Электричка тронулась, понеслась, мы вошли из тамбура в вагон. Вагон был не то, что битком, но люди уже стояли в проходе (воскресенье, вечер), и из наших – всего несколько человек (девчонки) сидели. Хотя часть пассажиров через окно могла видеть инцидент на платформе, но большинство были явно в неведении и так «добренько» смотрели на группу школьников-туристов, сопровождаемую двумя странно-возбужденными учителями. «Толя, если какая-нибудь пьяная морда будет приставать, то надо взять палку – и по пьяной морде, нечего церемониться» – грохотал Филиппыч на весь вагон. «По ним тюрьма плачет и лагерь» – столь же сурово и громко заключил он. Люди стали сами собой продвигаться внутрь вагона, даже уступили места – как и в случае с вкладыванием палки в руку это казалось естественным. Филиппыч и Якобсон оба сели, расположились, возбуждение постепенно стало спадать. Потекла беседа: «Толя, я наше производство знаю, не надо ребятам идти на производство, даже после института. И в строительство не надо, знаю я строительство. И в армию не надо. Только наука и осталась, только наука. Да и то, надо быстро: закончил Университет – аспирантура, дальше – сразу кандидатская, докторская...». Народ внимал. О хулиганах уже все забыли.


Две зарисовки

Первая. 8 класс, урок истории. Карта со схемами крестьянских восстаний. У доски с указкой  ... ская. Первая реплика А.А. Якобсона: «Ты что же это, ... ская, всю карту грудями загородила?». Смех. «Сначала Разин пошел вверх по Волге, потом - вниз по Волге. Потом вверх по Дону, потом - вниз по Дону». Вторая реплика А.А. Якобсона: «Что же это Разин у тебя - как дерьмо в проруби? То вверх, то вниз».
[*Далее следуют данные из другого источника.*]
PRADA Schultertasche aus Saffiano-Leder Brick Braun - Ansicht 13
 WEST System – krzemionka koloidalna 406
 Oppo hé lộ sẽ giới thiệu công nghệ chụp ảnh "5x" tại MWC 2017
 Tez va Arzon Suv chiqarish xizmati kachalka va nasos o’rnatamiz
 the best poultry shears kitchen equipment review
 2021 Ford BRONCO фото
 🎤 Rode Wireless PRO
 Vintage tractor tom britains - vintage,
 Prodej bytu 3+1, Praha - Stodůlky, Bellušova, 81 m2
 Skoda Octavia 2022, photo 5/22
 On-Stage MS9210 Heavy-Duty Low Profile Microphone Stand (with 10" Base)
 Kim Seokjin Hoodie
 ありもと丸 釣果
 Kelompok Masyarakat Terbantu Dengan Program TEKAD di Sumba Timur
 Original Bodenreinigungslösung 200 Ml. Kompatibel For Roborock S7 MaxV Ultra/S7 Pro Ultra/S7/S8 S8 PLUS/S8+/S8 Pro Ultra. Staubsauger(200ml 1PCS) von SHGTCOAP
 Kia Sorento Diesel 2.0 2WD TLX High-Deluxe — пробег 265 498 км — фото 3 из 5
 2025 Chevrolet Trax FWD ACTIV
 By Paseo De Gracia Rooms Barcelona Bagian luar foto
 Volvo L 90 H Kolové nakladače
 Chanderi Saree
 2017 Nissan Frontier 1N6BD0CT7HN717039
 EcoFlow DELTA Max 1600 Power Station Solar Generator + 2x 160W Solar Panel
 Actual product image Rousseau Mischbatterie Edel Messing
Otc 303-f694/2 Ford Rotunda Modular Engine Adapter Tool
Вторая. 10 класс, подвал, прогуливаем с девушкой урок. Темнота. Сверху слышны шаги по лестнице, ведущей вниз. Зажигается свет. Мы смущены. Перед нами – Шеф, он решил проверить, не прячутся ли в подвале курильщики. Он тоже немного смущен (от кого-кого, но от нас – не ожидал), но вида не подает. "Молодые люди, неужели нельзя найти получше место для общения?". Гасит свет, поворачивается и уходит.